The longest-tenured current GOP senator, Orrin G. Hatch of Utah, said that while the recusal decision Sessions made in March was a close call, he’s done “a fine job” since and Trump’s unabated fury after so many months was out of all proportion.
“The president could have, and should have, been a bit more judicious, to use a word appropriate in this case,” Hatch said, adding: “Although, of course, that’s not really his way.”
The de facto votes of confidence on the Hill came as Sessions declared he would remain at the helm of the Justice Department “as long as that is appropriate,” despite Trump’s declaration the day before that he would not have nominated Sessions to that post had he known that he would recuse himself.

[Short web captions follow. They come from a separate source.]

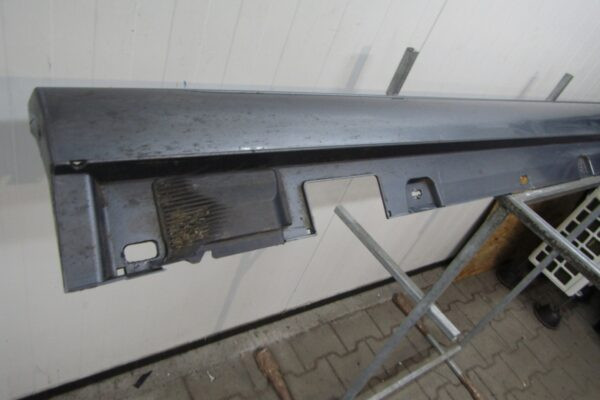 Zijskirt Links Dorpellijst Mercedes E 213 AMG Sedan Kombi A2136900102 Dorpel P15537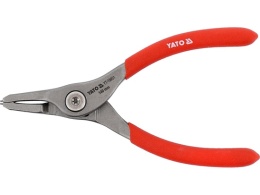 SZCZYPCE SEGERA ZEWNĘTRZNIE PROSTE 140MM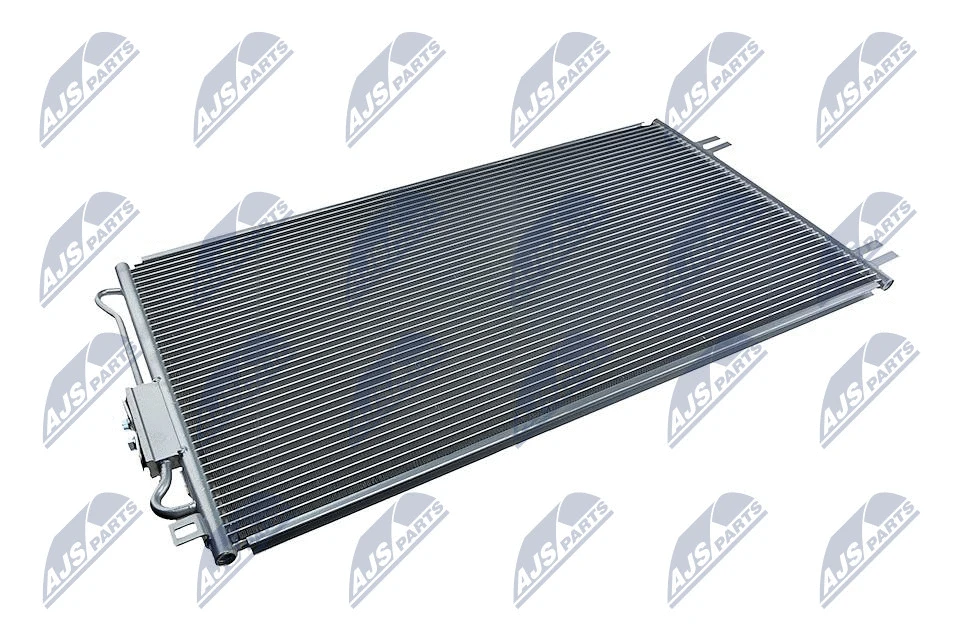 Condenseur, climatisation NTY CCS-CH-008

“Jeff Sessions takes the job, gets into the job, recuses himself, which frankly I think is very unfair to the president,” Trump said during a sprawling interview with The New York Times. “How do you take a job and then recuse yourself? If he would have recused himself before the job, I would have said, ‘Thanks, Jeff, but I’m not going to take you.’ It’s extremely unfair — and that’s a mild word — to the president.”
Asked Thursday at a news conference, arranged to announce arrests in an online narcotics sales case, whether he was considering resigning in the face of Trump’s criticisms, Sessions said, “The work we are doing today is the kind of work that we intend to continue,” adding, “I’m totally confident that we can continue to run this office in an effective way.”
Senate Majority Whip John Cornyn, a former attorney general of Texas, described Sessions as “doing just fine” and urged Trump to work to put their relationship back together. “They’re both adults and they can work it out.”
Speaking of loyalty
The president’s unabated fury is all the more perplexing to senators because of Sessions’ distinction as the first senator to endorse him, in February 2016 — a time when many GOP senators and House members were still openly repudiating the candidate who had won the New Hampshire and South Carolina primaries and become the clear front-runner for the party’s nomination.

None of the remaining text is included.